The committee -- which included then-Lt. Gov. Bob Miller and County Commissioner Bruce Woodbury -- recommended the removal of hazardous chemical plants from the Las Vegas Valley. The committee also helped draft legislation to create the Apex Industrial Park.

"The governor's committee recommendation was to relocate as many businesses out there as possible," Assistant County Manager Jim Ley said.

That's always been the subtext, Woodbury said. However, even the committee members knew it would cost hundreds of millions to relocate the plants.

"None of them really approached this seriously about relocating," Woodbury said. "And there's no way the government can force it."

Without water or a desire to spend millions on relocation, Apex development has ground to a halt after luring only one chemical plant out to its site west of Interstate 15.

"I don't think anyone would say we got as far as we hoped with Apex or as fast as we hoped to get there," said Doug Bell, manager of the Clark County Community Resources Management Division.

Dawn of Apex

Under a 1989 law, the federal Bureau of Land Management gave Clark County a 10-year option on 21,000 acres of mountainous land for a heavy industrial park to relocate hazardous industries from the Las Vegas Valley.

Specifically, the federal act required PEPCON and Kerr-McGee Chemical Corp., two producers of ammonium perchlorate, an ingredient in solid rocket fuel, to move their operations to Apex.

"They were hoping to develop a contract with the U.S. government to expand and move their operations to Apex," Ley said. "They didn't get that, and the Department of Defense made an arrangement with PEPCON to build a plant in Utah."

Kerr-McGee did move part of its operation -- its storage and mixing facility -- to a 3,400-acre site at Apex, but continues its chemical manufacturing at the BMI complex.

"The bill included language to direct the county to sell the land for the Kerr-McGee site," Bell said, but beyond that the county had no authority to order any other companies out there.

"Apex is open to anyone," Bell said. "But we can't compel anyone to move. The whole BMI complex has firms that sunk millions into capital investment, improvements. You just can't move a chemical plant."

The county had a choice in what role it would play in shaping Apex: to develop the property itself for an industrial park or act as a real estate agent for companies that wanted a chunk of the land.

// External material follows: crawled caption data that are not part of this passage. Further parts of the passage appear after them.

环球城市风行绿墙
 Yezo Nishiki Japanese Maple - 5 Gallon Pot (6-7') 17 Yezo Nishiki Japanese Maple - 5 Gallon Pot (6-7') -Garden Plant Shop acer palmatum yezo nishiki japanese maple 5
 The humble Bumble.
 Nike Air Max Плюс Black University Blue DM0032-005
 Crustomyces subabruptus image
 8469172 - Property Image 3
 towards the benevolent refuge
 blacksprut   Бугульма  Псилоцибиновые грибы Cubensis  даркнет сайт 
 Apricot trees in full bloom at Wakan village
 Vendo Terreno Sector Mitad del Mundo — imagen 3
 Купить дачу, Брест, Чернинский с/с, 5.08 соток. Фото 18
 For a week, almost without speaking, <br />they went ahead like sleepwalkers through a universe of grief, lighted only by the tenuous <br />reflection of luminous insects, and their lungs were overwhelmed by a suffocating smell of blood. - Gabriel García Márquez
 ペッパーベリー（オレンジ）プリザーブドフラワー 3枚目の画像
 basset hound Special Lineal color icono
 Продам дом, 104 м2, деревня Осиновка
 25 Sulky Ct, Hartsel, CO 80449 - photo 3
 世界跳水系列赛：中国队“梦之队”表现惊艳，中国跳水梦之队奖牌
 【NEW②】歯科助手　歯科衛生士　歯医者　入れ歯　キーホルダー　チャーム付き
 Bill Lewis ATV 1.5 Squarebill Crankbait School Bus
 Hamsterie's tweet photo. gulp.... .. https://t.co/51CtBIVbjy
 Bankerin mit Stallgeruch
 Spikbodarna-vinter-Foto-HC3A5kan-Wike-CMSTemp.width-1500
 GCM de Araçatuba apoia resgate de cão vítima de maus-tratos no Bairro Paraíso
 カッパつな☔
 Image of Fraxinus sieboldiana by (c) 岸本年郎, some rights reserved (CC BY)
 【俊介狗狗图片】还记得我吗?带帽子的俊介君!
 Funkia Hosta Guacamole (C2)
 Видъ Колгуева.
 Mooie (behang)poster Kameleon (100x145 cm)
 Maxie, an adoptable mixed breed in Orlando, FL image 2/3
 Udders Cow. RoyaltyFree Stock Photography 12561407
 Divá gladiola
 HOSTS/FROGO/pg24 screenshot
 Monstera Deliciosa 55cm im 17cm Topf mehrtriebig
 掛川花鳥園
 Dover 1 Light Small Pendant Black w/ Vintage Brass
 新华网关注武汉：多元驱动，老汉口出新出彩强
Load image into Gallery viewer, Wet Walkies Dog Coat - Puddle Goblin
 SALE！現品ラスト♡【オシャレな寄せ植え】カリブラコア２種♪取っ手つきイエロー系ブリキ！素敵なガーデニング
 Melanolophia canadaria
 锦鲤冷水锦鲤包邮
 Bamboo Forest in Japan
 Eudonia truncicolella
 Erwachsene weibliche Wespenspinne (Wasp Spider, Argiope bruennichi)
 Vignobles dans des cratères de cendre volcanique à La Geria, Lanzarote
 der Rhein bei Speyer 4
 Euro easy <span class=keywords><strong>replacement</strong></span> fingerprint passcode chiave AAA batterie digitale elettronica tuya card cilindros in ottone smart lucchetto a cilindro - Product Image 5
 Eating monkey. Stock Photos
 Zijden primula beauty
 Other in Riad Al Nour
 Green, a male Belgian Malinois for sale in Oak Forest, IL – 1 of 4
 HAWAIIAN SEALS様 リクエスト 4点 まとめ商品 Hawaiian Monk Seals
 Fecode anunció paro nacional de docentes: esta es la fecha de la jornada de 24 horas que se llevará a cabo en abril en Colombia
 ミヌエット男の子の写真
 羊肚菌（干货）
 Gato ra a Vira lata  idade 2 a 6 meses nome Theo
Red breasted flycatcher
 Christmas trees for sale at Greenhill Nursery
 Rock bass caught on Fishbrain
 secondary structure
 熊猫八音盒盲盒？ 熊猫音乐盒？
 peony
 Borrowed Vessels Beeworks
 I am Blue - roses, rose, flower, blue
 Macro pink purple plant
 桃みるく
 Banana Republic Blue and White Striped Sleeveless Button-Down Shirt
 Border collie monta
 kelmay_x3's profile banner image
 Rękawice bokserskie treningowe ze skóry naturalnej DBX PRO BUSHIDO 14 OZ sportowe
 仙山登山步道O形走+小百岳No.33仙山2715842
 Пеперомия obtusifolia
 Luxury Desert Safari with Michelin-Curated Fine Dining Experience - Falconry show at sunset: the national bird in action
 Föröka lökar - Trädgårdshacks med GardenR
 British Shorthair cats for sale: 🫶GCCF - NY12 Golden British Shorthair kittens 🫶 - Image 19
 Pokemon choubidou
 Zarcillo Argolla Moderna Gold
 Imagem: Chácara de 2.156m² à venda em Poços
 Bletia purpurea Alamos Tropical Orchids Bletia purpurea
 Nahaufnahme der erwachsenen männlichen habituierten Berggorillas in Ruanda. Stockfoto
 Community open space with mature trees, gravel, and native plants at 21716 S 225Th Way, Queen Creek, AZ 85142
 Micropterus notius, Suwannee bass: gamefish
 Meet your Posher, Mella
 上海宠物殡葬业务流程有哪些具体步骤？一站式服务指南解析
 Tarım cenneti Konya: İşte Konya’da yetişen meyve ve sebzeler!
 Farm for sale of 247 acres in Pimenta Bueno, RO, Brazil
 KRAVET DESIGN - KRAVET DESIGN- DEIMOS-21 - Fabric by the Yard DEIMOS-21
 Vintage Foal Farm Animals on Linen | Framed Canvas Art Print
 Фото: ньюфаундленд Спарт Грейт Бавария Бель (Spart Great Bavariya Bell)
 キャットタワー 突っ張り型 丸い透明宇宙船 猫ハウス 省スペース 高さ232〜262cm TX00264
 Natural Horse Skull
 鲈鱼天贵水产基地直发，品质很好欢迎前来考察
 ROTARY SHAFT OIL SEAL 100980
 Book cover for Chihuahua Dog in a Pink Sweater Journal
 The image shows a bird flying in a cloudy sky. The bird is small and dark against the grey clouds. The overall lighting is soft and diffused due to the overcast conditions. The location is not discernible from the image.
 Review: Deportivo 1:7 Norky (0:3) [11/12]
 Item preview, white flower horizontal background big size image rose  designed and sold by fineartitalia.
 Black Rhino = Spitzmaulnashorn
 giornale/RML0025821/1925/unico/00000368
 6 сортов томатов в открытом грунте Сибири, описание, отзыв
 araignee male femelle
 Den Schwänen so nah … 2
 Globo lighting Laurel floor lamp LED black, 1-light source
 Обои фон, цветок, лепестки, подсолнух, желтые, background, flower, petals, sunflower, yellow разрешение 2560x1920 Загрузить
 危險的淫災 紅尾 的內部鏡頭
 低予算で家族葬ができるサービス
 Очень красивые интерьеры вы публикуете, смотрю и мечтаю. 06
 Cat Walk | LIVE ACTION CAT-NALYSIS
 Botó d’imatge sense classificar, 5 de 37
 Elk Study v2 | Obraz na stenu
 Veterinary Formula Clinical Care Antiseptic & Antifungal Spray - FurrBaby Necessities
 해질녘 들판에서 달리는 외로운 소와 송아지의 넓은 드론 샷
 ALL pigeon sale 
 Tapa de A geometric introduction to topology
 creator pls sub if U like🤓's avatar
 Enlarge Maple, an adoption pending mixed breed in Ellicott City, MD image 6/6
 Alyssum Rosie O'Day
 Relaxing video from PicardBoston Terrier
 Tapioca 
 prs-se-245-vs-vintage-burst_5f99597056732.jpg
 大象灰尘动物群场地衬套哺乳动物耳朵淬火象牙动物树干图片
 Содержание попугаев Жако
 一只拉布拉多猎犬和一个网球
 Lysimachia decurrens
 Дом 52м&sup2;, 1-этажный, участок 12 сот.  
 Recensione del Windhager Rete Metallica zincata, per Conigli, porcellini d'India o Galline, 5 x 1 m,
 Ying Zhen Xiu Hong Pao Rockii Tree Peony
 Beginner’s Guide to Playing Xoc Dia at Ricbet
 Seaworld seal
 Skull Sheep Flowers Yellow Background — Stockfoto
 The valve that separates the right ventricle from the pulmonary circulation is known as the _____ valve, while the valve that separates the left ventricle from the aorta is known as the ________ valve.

It chose the latter role, not wanting to commit precious millions of taxpayer dollars to make the property suitable for industry.

The only other company to make the move since 1989 is Silver State Disposal Service, which has the garbage disposal contracts for Las Vegas, Henderson, North Las Vegas and unincorporated Clark County. Silver State bought 2,300 acres from the BLM through the county to build a new landfill.

Nevada Power Co. also has a cogeneration plant at the site.

The county has since had no offers or interest from other companies wanting to move to Apex.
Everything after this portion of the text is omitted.